Once the initial fermentation is over and I move the wine to a secondary carboy and thereafter(fermentation has stopped), should the temperature of the carboys be kept at a certain temperature or range of temperature?

*Example*; concord grape wine made from grapes. yeast cote de Blanc, Temperature at fermentation 70-75 degrees. temperature of carboy after first racking due to high sedimentation is now from about 68 to 78 degrees.

If the yeast you use suggests a certain temperature for the grape variety that you are using and you keep it to that temperature, should your temperature of the carboys and future racking be kept at a certain temperature thereafter, even during the fining process?

Broad example: sweet white wines versus dry red wines.

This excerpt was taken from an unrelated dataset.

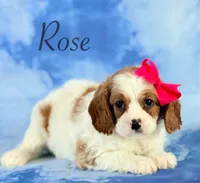 Rose, a female Cavapoo for sale in Moulton, IA – 7 of 7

As a beginner, your advice is invaluable

Thank you.


----------



## Duster (Oct 22, 2013)

you already touched on one key element during fermentation, Whites vs Reds. a general rule of thumb is the cooler the ferment the fruty the wine will be. Whits should be fermented at the lower end of your yeast strain, and reds can be somewhere mid range.
Now for storace (bulk ageing) What I recommend and what I do are two different things simple because I do not have a cellar.
I would recommend keeping both of them at a constant 65 to 68*F with as little fluctuation as possible. I end up dressing a carboy in a sweater to insulate, and sticking them in a closet in the inside (not against an outside wall) in the house.
This works well and I have not had any bad experiences doing this but I know it is not the preferred method.


----------



## salcoco (Oct 23, 2013)

any temp below 72 deg is fine after fermentation. the higher the temp the more degassing. I usually followed cellar temps and did not do anything extra.


----------



## corinth (Oct 23, 2013)

thank you for your expertise. I had read some info on this website and in some books that I have but what you both added, gave me a more definitive direction to proceed.
Thank you both very much.


----------